We’ve covered a background below to get you up to speed on Sun, but before that, we’ve got an overview on the Sun Startup Essentials, which is aimed at start-ups.


Sun Startup Essentials explained
Sun have been running their Start-up Essentials program in the US for a while and it’s now been introduced in the UK and Ireland.

It’s free to join, but the company must be a start-up and in operation for less than 6 years.

Once accepted, companies get access to help from Sun (could be an engineer to sort out a tricky issue or free training) and discounts on hardware - which can be significant.

They can also offer discounted hosting and have agreements with various hosting providers.

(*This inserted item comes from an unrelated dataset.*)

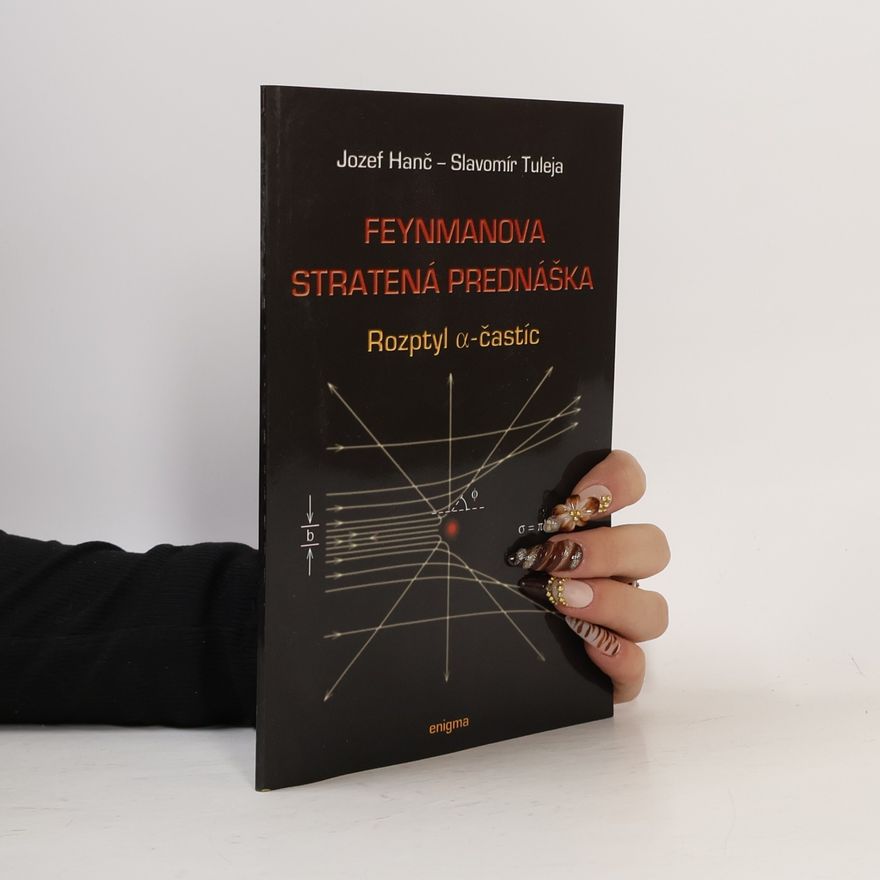 Slavomír Tuleja Feynmanova stratená prednáška. Rozptyl α-častíc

There are limits - a start-up is only allowed to purchased £75,000 worth of hardware a year - but that buys quite a lot of CPU.

Of course their aim is that you’ll continue to use Sun hardware and software as the company grows, so they’re taking some risk initially to help you succeed. If the start-up works, hopefully it will work for Sun too.

It’s really a no-brainer if you’re a start-up.

So, to the background on Sun …

Sun: A brief recap
When they started, they designed really cool workstations and they ran a cool operating system - SunOS - which was based on a BSD kernel and architecture.

They also developed their own CPUs (Main computer chips) known as Sparc which were RISC (Reduced Instruction Set), fast and came out with lots of software (NFS or Network File System for example which they gave away, making it adopted in virtually every other operating system).

They then moved to an operating system, Solaris, which many people criticised as being slow and it got the moniker of Slowlaris (though in reality it’s pretty fast whether it’s running on Sparc or PC x86).

Other goodies Sun have come out with are Java and other cool things like ZFS and DTRACE which we won’t go into, but take it from us, they are very cool bits of software.

Sun Hardware
Sun still make a range of hardware both workstations and servers. These come in many flavours supporting Sparc and x86 (both Intel and AMD CPUs). Sun want to sell hardware and are now being pragmatic and don’t care what you run on it. So if you buy an x86 server, yes they’d prefer it to run Solaris, but they’ll happily support it with Linux or even Windows.

Sun hardware used to be expensive and the really big servers still are (but then a system with 256 CPUs is never cheap), but the lower and medium end systems are competitive when pitched against servers from other vendors.

Sparc-based servers (and they come with CPUs with 4, 6 or 8 cores and run Cool Threads) can be much better at running certain applications than x86 CPUs, and Web servers fit into this category. Sparc servers aren’t necessarily more expensive than x86 servers.

Sun’s software stack
Many systems run on LAMP (Linux/Apache/MySQL/PHP [or Perl or Python]) and that’s been a standard configuration for a while.

In the past it’s been incredibly hard to implement AMP on Solaris (it was painful in fact).

Now that’s changed, as Sun recently bought the open source database, MySQL, which is now shipping with Solaris.

Solaris also comes with new versions of Apache/PHP/etc. so it’s easy to migrate from a LAMP environment to a SAMP (Solaris/Apache/MySQL/PHP) environment, and Sun are encouraging people to do so.

Utilising Solaris (especially with ZFS) means highly scalable systems can be designed and operated which can be small at first and grow as the requirements do, with minimal intervention and redesigning everything from scratch.